= Short text fragments from websites =

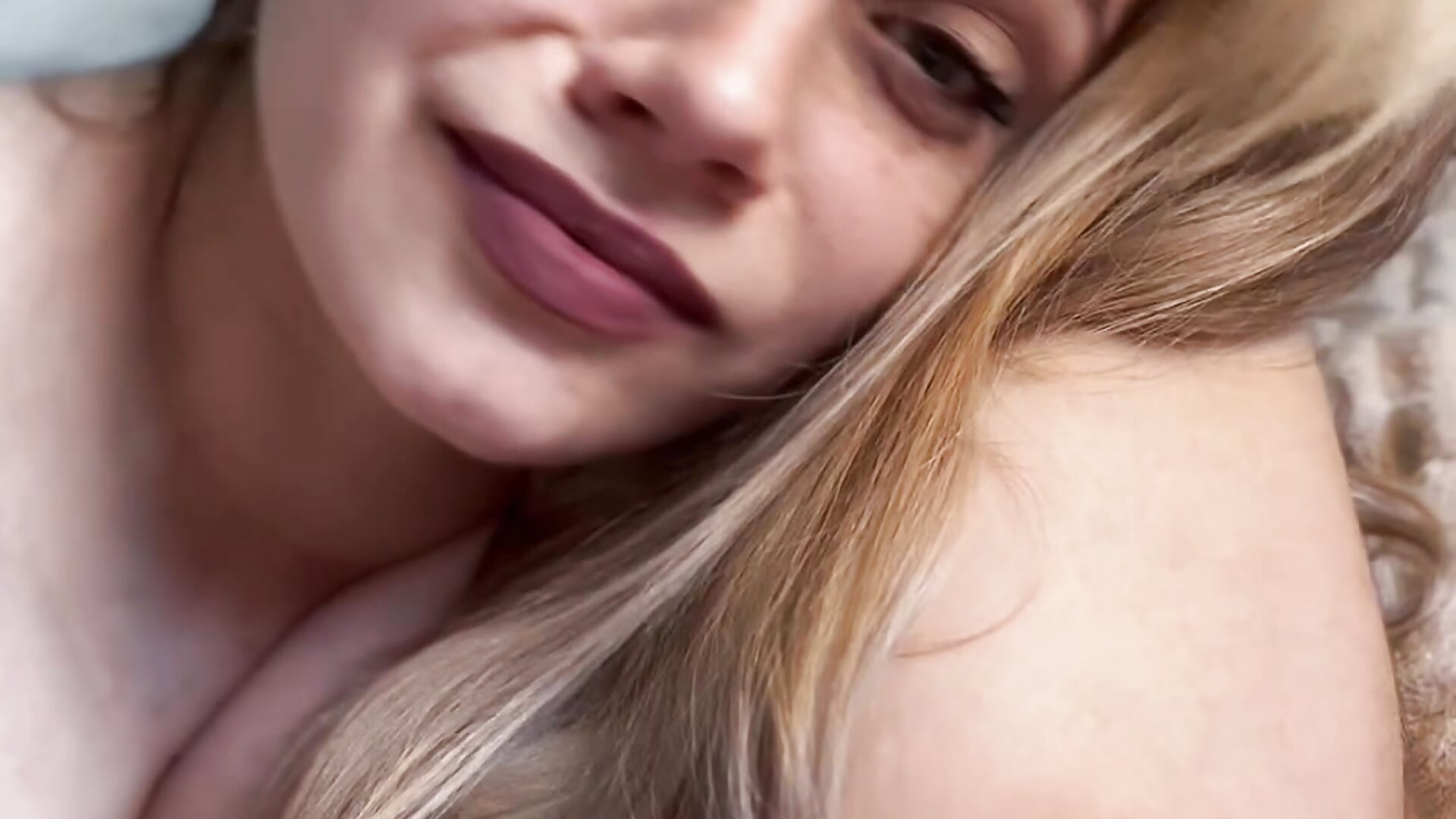 Have a good mood - video by Juuice cam model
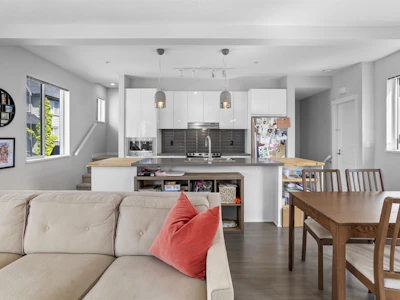 8-8138 204 Street - 5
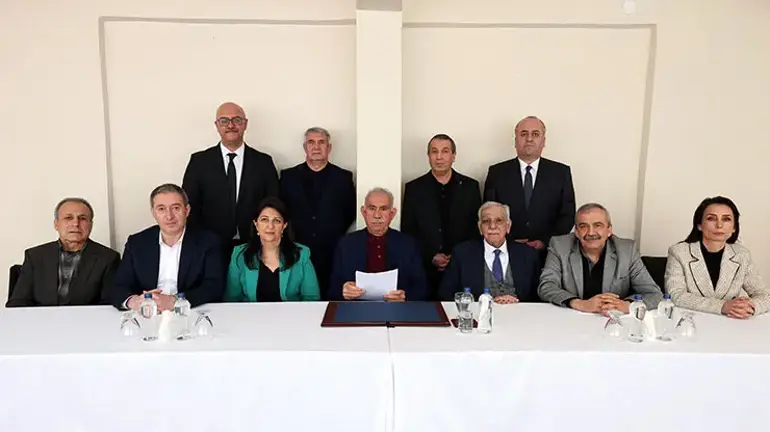 Έκκληση Οτσαλάν για επίλυση του Κουρδικού: Καλεί το ΡΚΚ να καταθέσει τα όπλα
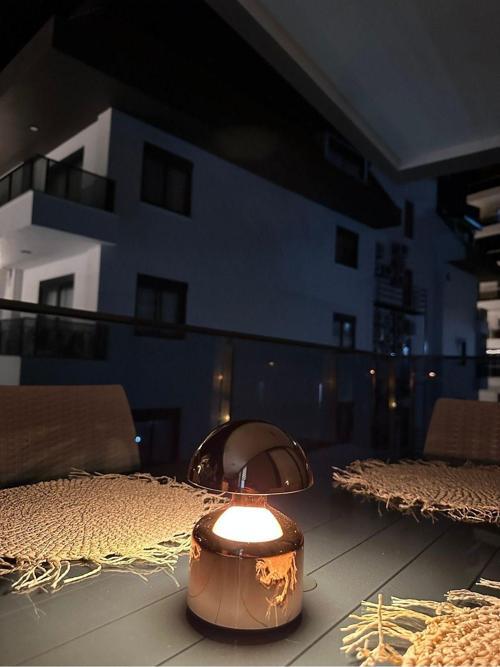 Dekoratifi Mini Şarjlı Çok Işıklı Led Masa Lambası, Rose Gold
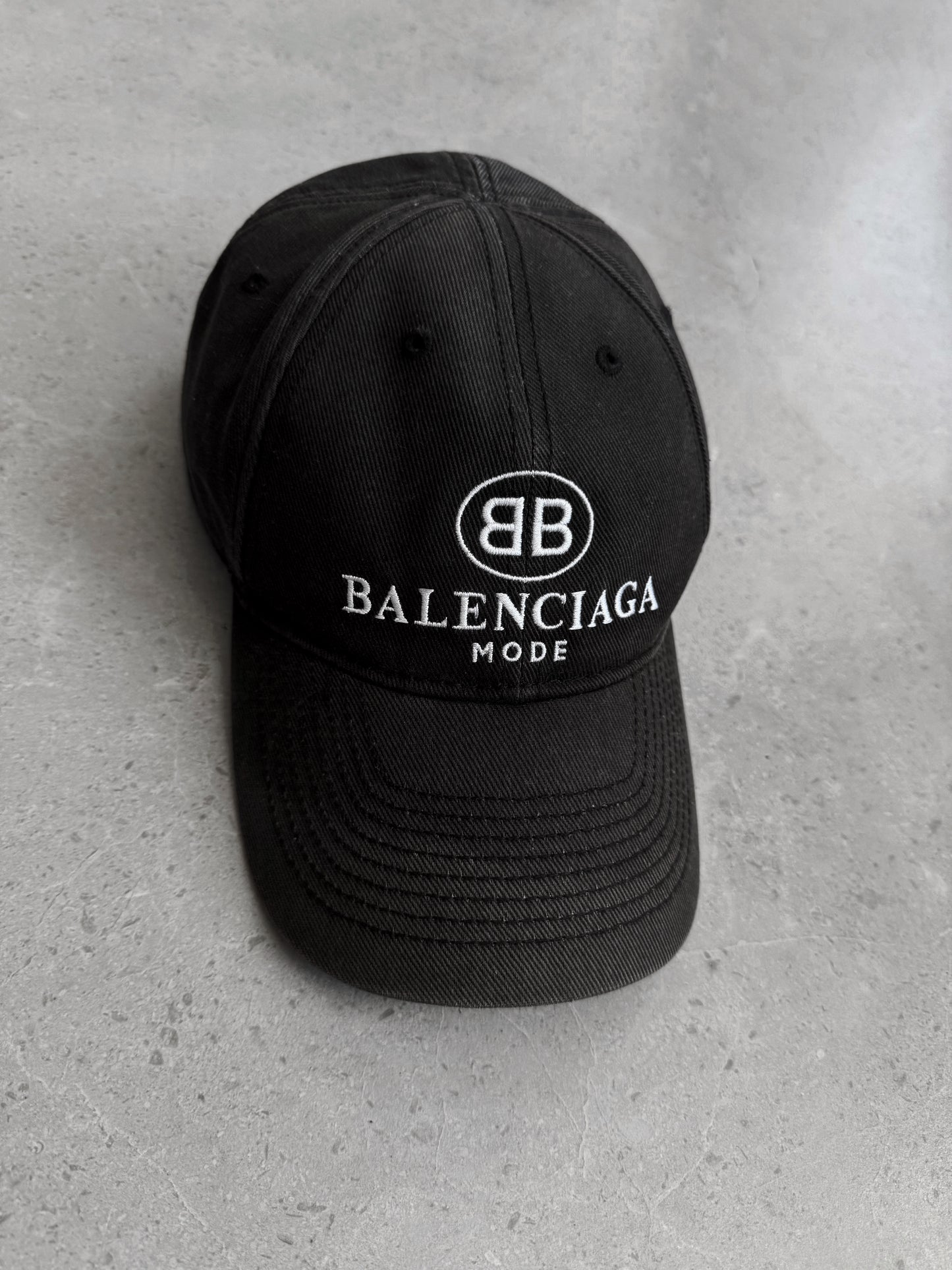 BALENCIAGA HAT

= What needs to be done =
Pictures aside, restate all of the entries exactly.

= Response for this exercise =
 Have a good mood - video by Juuice cam model
 8-8138 204 Street - 5
 Έκκληση Οτσαλάν για επίλυση του Κουρδικού: Καλεί το ΡΚΚ να καταθέσει τα όπλα
 Dekoratifi Mini Şarjlı Çok Işıklı Led Masa Lambası, Rose Gold
 BALENCIAGA HAT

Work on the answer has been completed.